PROBLEM DESCRIPTION
The required output is the line containing "Lais Puzzle - Uferpromenade" followed by each line through the end of the data below, repeated exactly and with nothing added.

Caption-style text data
________

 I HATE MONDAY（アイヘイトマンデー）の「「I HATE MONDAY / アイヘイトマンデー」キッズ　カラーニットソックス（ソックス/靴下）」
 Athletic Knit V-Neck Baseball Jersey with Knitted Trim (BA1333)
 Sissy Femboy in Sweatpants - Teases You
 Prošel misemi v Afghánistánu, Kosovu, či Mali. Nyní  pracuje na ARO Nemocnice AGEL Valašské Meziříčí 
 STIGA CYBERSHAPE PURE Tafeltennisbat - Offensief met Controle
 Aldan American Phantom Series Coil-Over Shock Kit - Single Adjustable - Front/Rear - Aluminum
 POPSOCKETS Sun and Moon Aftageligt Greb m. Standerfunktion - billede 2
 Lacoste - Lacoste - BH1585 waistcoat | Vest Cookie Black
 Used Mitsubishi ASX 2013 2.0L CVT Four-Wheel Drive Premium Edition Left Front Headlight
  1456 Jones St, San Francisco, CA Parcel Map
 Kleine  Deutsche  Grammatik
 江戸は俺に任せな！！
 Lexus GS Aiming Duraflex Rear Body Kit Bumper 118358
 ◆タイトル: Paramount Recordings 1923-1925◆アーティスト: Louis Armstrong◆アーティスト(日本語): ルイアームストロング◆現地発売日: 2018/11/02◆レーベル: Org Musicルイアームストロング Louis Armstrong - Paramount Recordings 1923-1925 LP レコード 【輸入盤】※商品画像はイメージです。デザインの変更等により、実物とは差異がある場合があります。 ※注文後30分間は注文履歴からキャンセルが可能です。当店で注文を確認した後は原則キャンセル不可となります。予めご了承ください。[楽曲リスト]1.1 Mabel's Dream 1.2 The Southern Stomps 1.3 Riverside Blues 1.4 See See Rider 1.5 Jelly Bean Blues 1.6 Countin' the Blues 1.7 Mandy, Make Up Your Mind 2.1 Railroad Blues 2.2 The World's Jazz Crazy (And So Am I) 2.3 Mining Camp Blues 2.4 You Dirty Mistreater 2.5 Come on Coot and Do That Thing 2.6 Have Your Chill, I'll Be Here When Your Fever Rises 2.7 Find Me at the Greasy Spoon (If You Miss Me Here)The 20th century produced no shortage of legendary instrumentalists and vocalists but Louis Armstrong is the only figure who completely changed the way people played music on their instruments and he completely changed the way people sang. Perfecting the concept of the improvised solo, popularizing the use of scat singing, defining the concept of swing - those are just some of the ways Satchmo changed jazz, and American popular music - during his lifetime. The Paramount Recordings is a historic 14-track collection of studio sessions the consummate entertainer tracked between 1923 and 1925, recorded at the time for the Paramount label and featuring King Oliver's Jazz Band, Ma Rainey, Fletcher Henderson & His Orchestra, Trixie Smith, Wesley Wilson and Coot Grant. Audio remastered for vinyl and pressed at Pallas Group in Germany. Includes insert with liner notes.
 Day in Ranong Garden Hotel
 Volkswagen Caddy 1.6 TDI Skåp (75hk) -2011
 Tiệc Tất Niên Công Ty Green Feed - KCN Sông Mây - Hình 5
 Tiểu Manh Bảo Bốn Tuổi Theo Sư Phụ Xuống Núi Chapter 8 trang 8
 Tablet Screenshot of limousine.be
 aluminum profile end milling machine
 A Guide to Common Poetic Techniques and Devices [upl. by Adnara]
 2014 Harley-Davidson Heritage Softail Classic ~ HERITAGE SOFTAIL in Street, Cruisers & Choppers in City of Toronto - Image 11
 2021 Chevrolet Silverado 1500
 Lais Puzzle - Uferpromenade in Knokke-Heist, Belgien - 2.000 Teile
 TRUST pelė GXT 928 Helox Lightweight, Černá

________

RESPONSE BELOW
 Lais Puzzle - Uferpromenade in Knokke-Heist, Belgien - 2.000 Teile
 TRUST pelė GXT 928 Helox Lightweight, Černá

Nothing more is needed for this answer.